21. Indeed, we would go further and urge
the Government to legislate that all the new authorities will
be guided in their actions and behaviour by core principles of
regulatory best practice, such as these under consideration by
TheCityUK[20]
covering the following areas:
Transparency: regulation should be transparent
and accessible, delivering consistent outcomes;
Proportionality: regulation should balance
necessary controls with scope for innovation. It should be proportionate,
both as to regulatory solutions and as to the varying scales and
types of business, as well as targeted and technologically neutral;
Accountability: responsibility should
be clearly defined, including to whom and for what;
Facilitation: regulation should facilitate
and reinforce the role of financial services as a key enabler
of social and economic development, both domestically and internationally;
Impact Assessment: robust regulatory
impact assessments should become standard and should include assessments
of the cumulative impact of regulatory requirements;
Scope and compliance: before introducing
new regulation, authorities should ensure existing regulation
is being used to its fullest extent;
Convergence: regulation at regional and
national levels should reinforce global convergence, not impede
it and should provide a firm base for businesses from any jurisdiction
to operate globally; and
Competition: market structures should
promote competition and openness to international participants.
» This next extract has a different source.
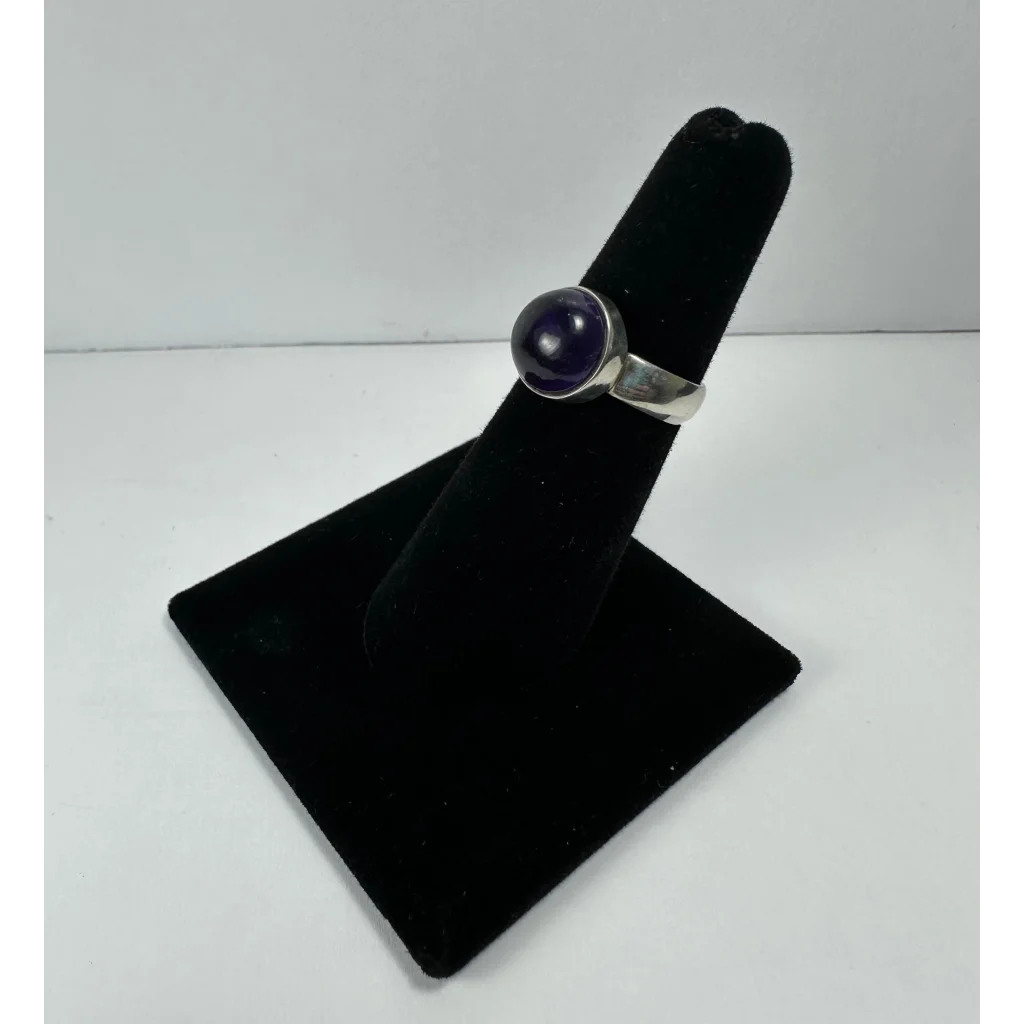 Stunning silver amethyst ring with deep purple bezel stone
Regulation should facilitate progress towards easier market access
and growth in international trade.
(e) Efficient use of resources by the
authorities
22. The new authorities should have regard
to the need to use their resources in the most efficient and economic
way and should not seek to impose disproportionate and inappropriate
levels of regulation on the industry. The insurance industry has
been subject to very significant increases in recent years in
financing the costs of regulation imposed by the FSA (the costs
for the Society of Lloyd's have risen from £1.3 million in
2008-09 to £2.2 million in 2010-11). We would hope that the
new architecture would not lead to yet further significant increases
in fees payable by the insurance sector.
(f) Interaction with the European authorities
23. The vast bulk of insurance regulatory
rules applicable in the UK derive from EU legislation. It is vital
that the UK is effectively represented in the various deliberative
and decision making bodies in the EU which determine the detail
of legally binding financial services regulation. Much greater
consideration must be given to how the proposed new structure
and multiple agencies will interact with the EU to ensure that
the UK has a strong and effective voice in the development of
financial services regulation within the new European Supervisory
Authorities, supervisory colleges and the other European initiatives.
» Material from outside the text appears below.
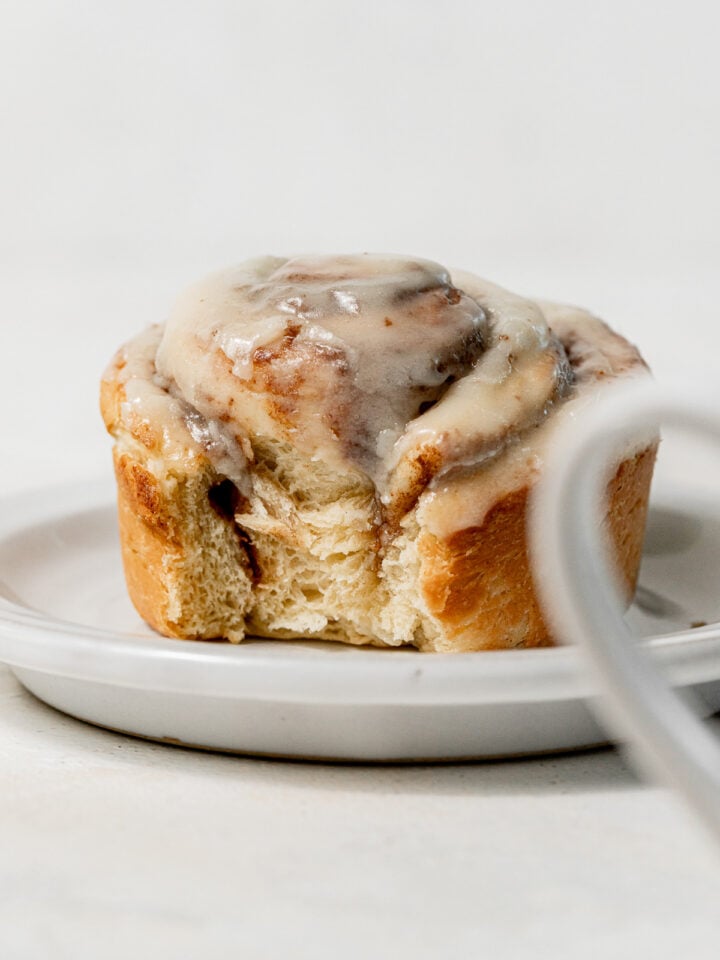 single serve cinnamon roll on plate.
24. The new EU financial supervisory structure,
to be introduced in January 2011, makes it even more important
that UK supervisory bodies engage constructively with their EU
counterparts. The EU's supervisory authorities, including the
European Insurance and Occupational Pensions Authority (EIOPA)
will have enhanced rule-making and intervention powers, but will
continue to rely on the contributions of national supervisors
for the informed development of regulatory initiatives. EIOPA's
remit will cover both prudential and business conduct issues.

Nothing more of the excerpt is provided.